= TASK BRIEF =
An exact copy of the entries is needed, with every picture left out.

= RECORD SET =
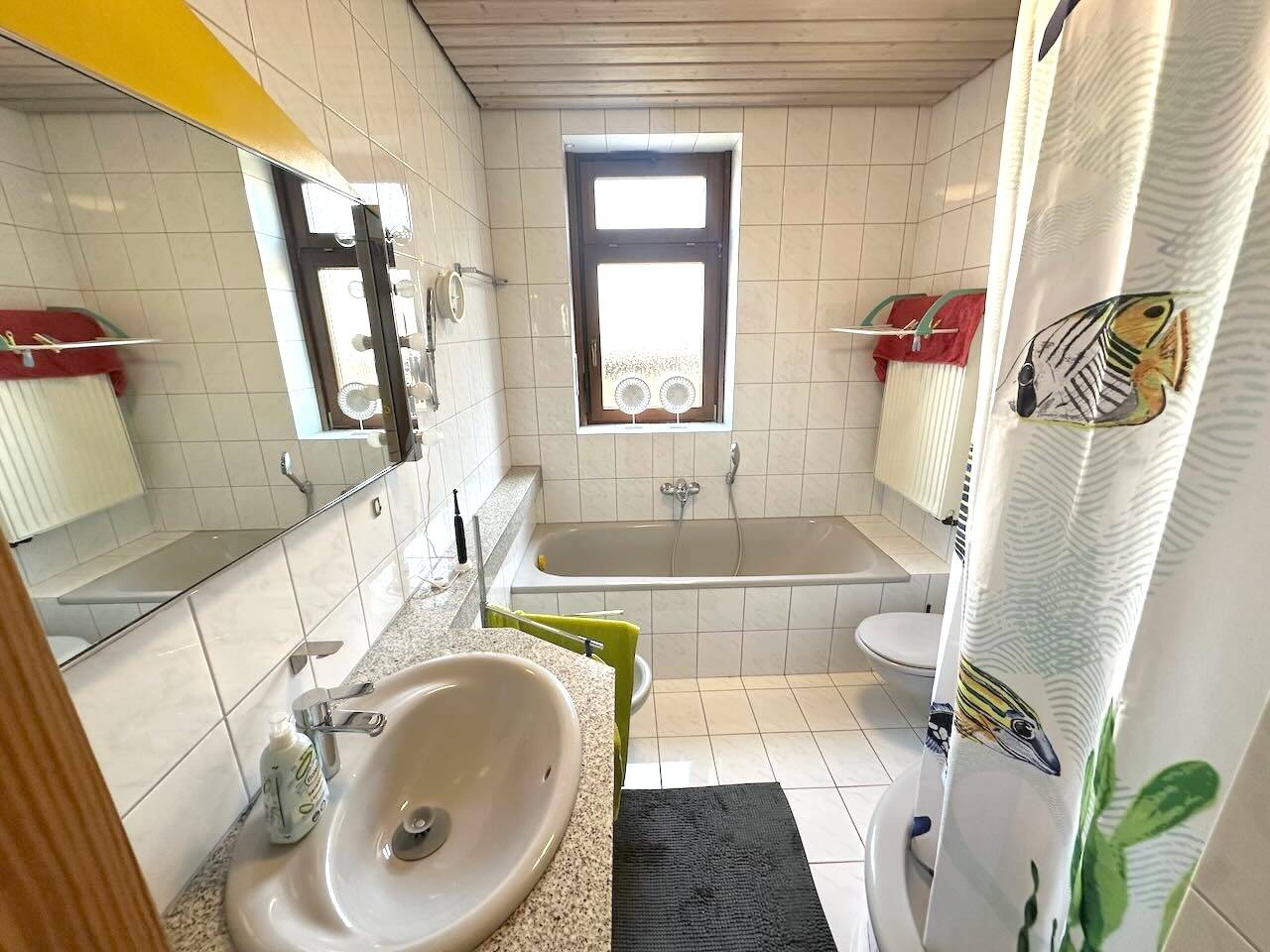 Immobilie in Estenfeld - ***Idyllisches EFH mit Einliegerwohnung & Garage im Grünen in Estenfeld*** - Bild 4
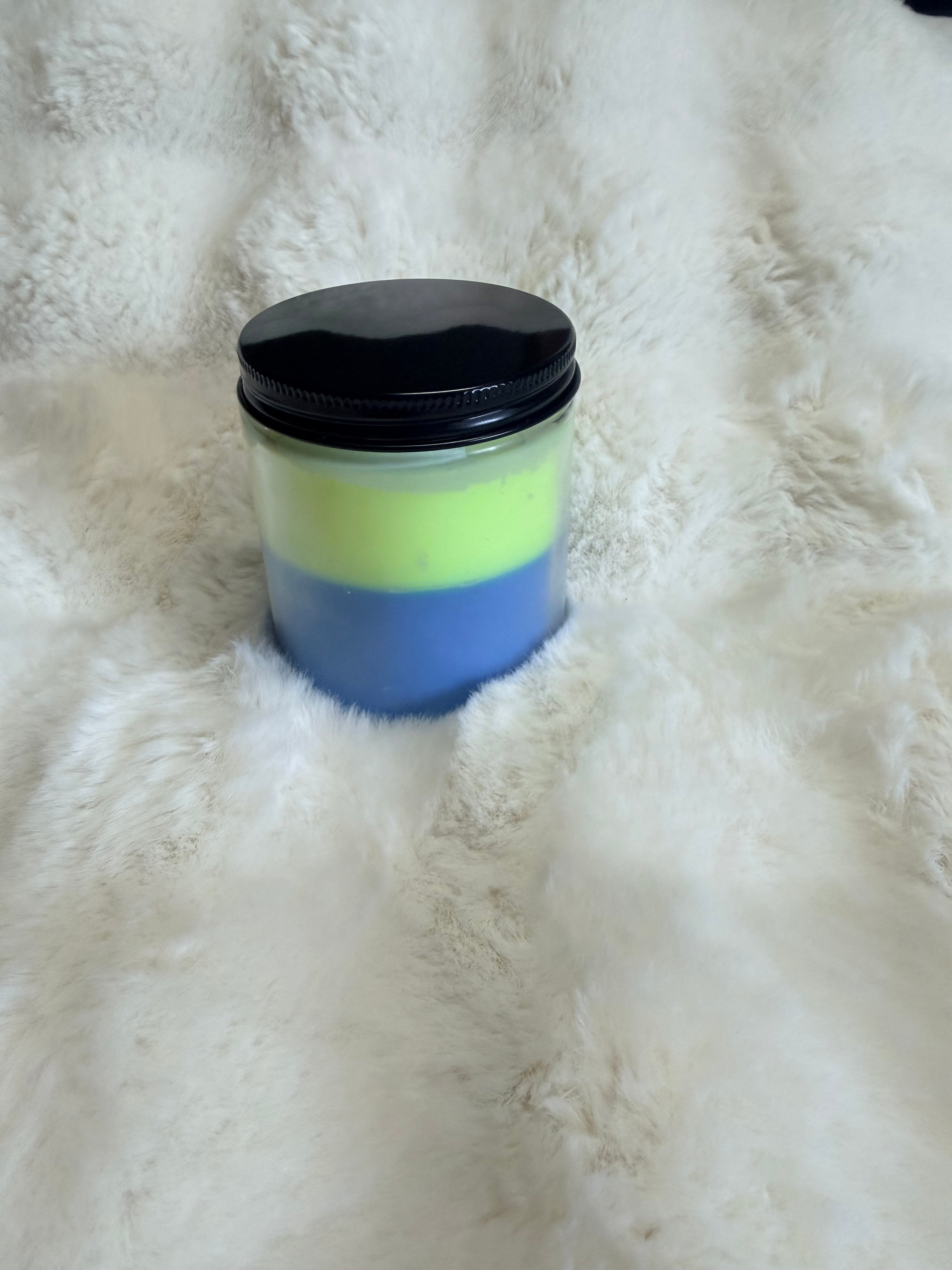 Fresh linen sea shell soy candle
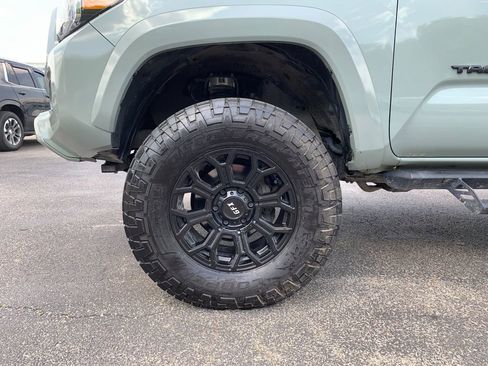 Used 2023 Toyota Tacoma TRD Sport AWD/4WD image 33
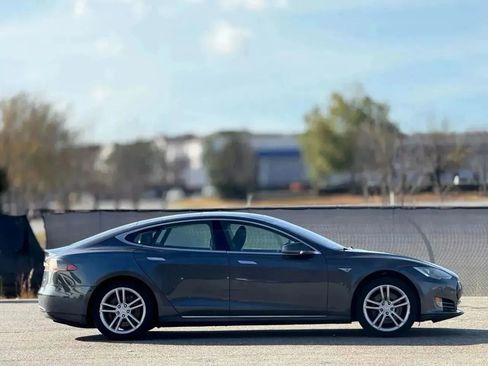 Used 2015 Tesla Model S 85D image 7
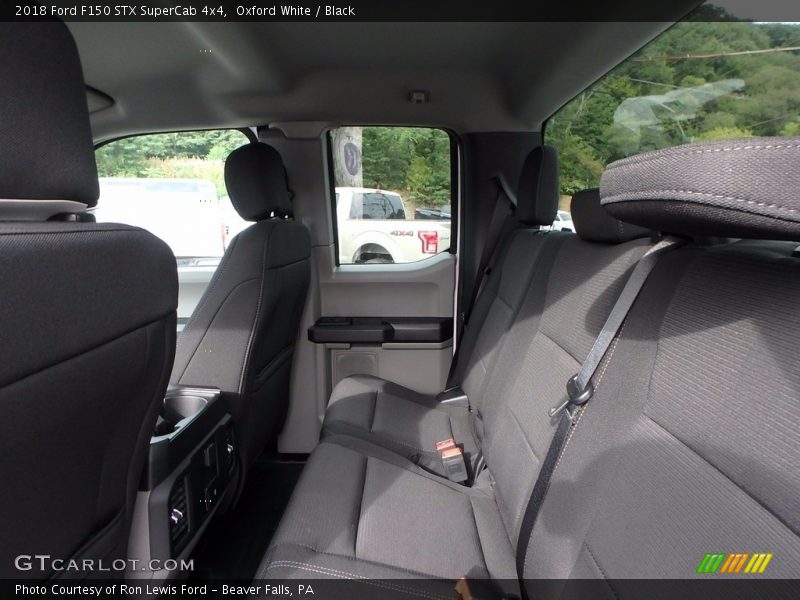 Oxford White / Black 2018 Ford F150 STX SuperCab 4x4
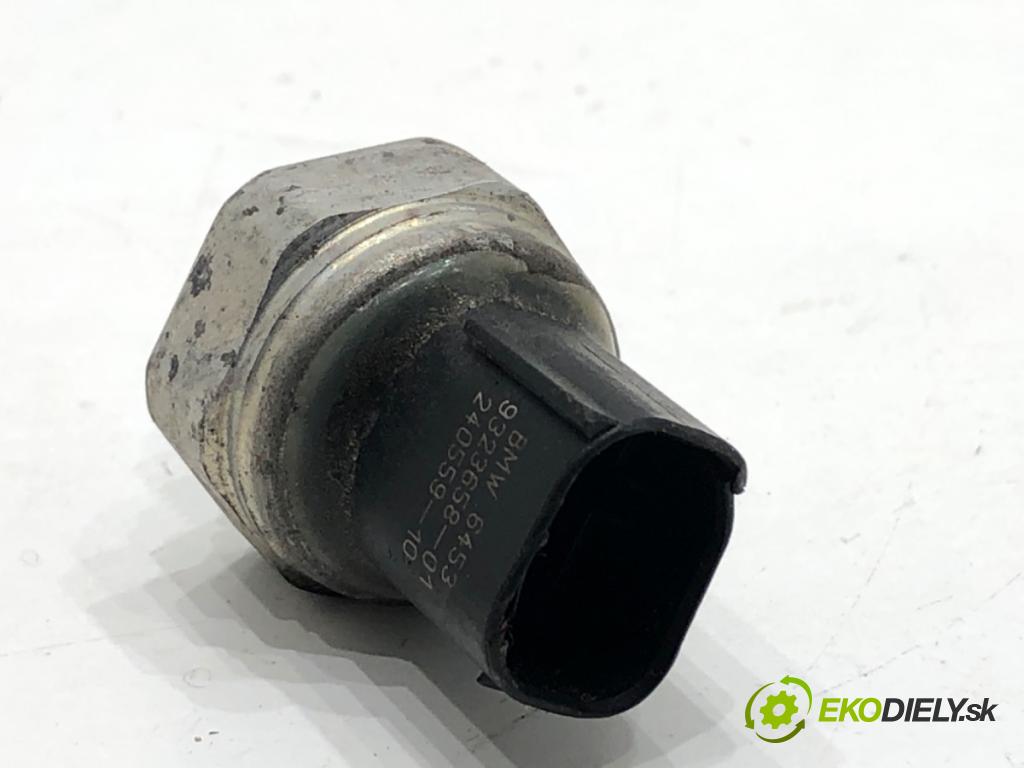 BMW G30 sedan 2021 460 kW M5 Competition 4395 Snímač klimatizácie 9323658 (Snímač klimatizácie)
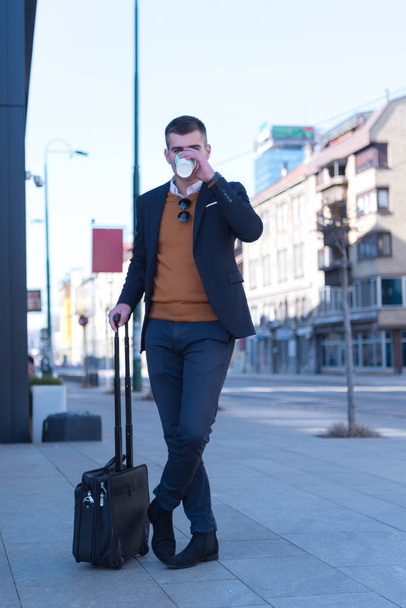 社外の若手実業家の肖像。会議のコンセプト。男歩くとコーヒーを飲む、オフィスに行く. - 写真・画像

= EXERCISE RESULT =
 Immobilie in Estenfeld - ***Idyllisches EFH mit Einliegerwohnung & Garage im Grünen in Estenfeld*** - Bild 4
 Fresh linen sea shell soy candle
 Used 2023 Toyota Tacoma TRD Sport AWD/4WD image 33
 Used 2015 Tesla Model S 85D image 7
 Oxford White / Black 2018 Ford F150 STX SuperCab 4x4
 BMW G30 sedan 2021 460 kW M5 Competition 4395 Snímač klimatizácie 9323658 (Snímač klimatizácie)
 社外の若手実業家の肖像。会議のコンセプト。男歩くとコーヒーを飲む、オフィスに行く. - 写真・画像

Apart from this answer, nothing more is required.